GREG: (sips tea) Hhhmmm because I got into Drama School in the UK. I came to do a 1 year MA to be an actor – an actor-y actor…
They both giggle. The giggle turns into a laugh.
queeringborders (Xavier): So what’s changed? Why –
Greg: Why am I not an actor?
queeringborders (Xavier): Yeeeasss Greg, why are you not on Eastenders?
Greg laughs. A guttural laugh.
Greg: I had always – well in Texas, where I grew up, I guess the only context that I had for performance that I had seen was hhhmmm plays, like quite traditional plays, and not even like new plays, generally the ‘newer’ plays I saw were from like the 50’s or 60’s. I knew nothing about contemporary performance, or performance art or live art, or anything like that at all. So that was all I knew, so I came to do that and I started to do some acting which… you know… I wouldn’t get that many jobs and when I would get some jobs I would be like ‘meh’ I am not really having that much fun anyway. But I was interested in making my own work and writing also, but I never – I just was afraid to try it, for a long time… And I always thought that I was able to do it but I never quite got the context or the confidence in myself to be able to just do it. You know?!… So it wasn’t until many years later actually, I think the first time I actually wrote and performed something that was mine was in 2011, quite a few years after I moved here and finding a kind of contemporary performance scene to go and just see stuff before I started to make it, you know?! I needed that context to be able to start making it for me, I think.
Greg sips on his tea.
queeringborders (Xavier): (stroking Kai) You work between UK and America a bit. How do the different contexts compare?
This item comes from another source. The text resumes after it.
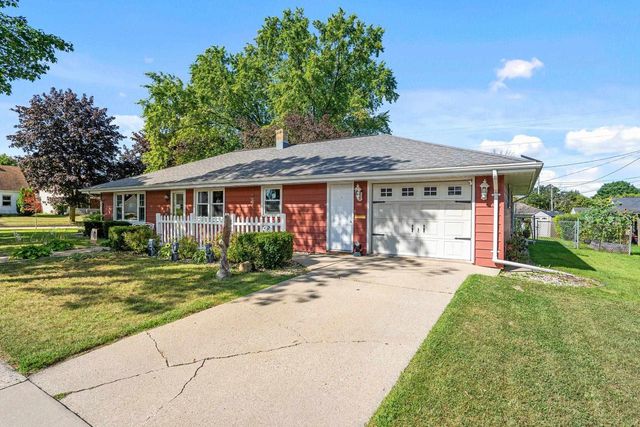 352 S JAMES STREET, Kimberly, WI 54136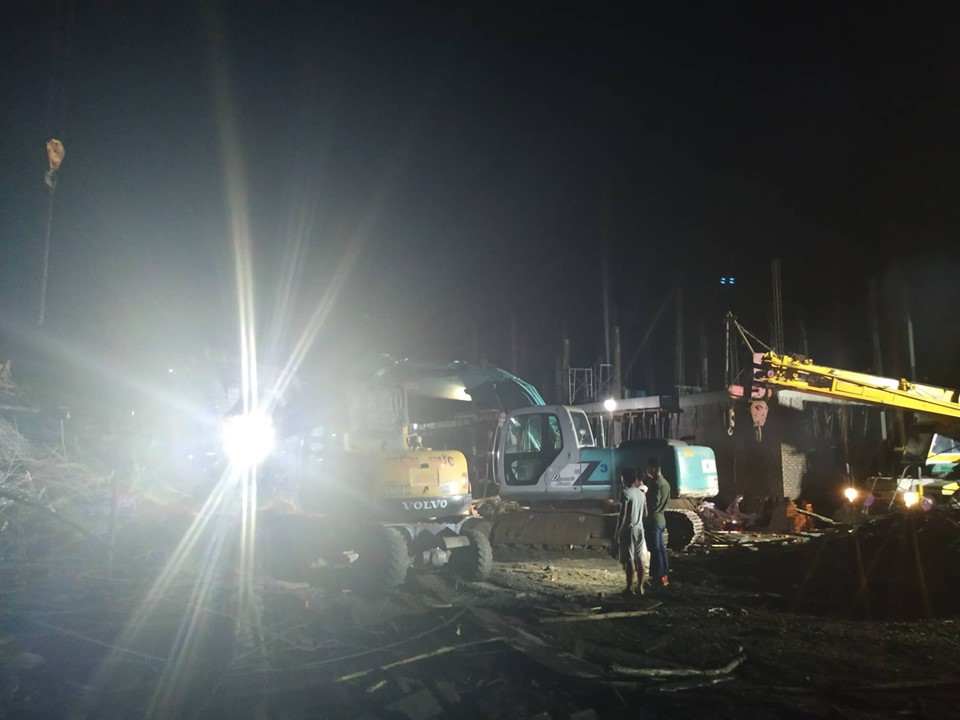 Lực lượng chức năng đang cứu hộ tại hiện trường.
Greg: I have only started to work in American quite recently and I’ve worked a little bit in LA, so I have got to know a little bit of that community, and some work that goes on there which I think it is interesting but I can’t really talk too much in depth about what it is like to be an artist in America, you know? Even though I am American in most ways, I would say I am a British Artist.
queeringborders (Xavier): Interesting. How does that work?
Greg: Most of my context for making and seeing work is in the UK, certainly my development as an artist pretty much just happened in the UK. But I do think that there is such a different in the effect of influences from different places have on a performance or an art culture, or scene. I guess this also connects what I was saying before, you know… The work that people make is so influenced by the work that they see, I think, and so…. Because of the land area of the US, and the fact that it is so much farther away than here from Europe, and because it is harder to tour in the US, because of land area, largely, there are art scenes in American that are much more localized and there is less of a national network – or at least you would need to reach a certain level as a company before you tour the country. For instance, during my time in LA I met loads of interesting LA artists who very rarely go outside LA and also people from other place – it would be rare for anyone to come to LA and get into performance. Whilst here in the UK, I feel like there is a more national network of people making and touring performance work.
queeringborders (Xavier): That’s so interesting because we in the UK complain about the fact that everything is so focused on London and specifically the South East. But I suppose in America it would be a very different thing. Do you think that has to do more with funding structures?
Greg: It has everything to do with funding structures. But also just like what the culture is, you know? Because in different states, in different regions, they are just so culturally different… I find there to be more dramatic differences than here in the UK – as far as different areas and regions. Also you have very clear divisions of states in the US. I am also coming from Texas, which feels like it has a very strong – a lot of people there, who are from there, feel a very strong identification with the state, and that is the case for a lot of states. So I think people are even a little less interested in seeing other stuff or being influenced by other places.
They have a last sip of their tea, remove the duvet, and move downstairs towards the basement.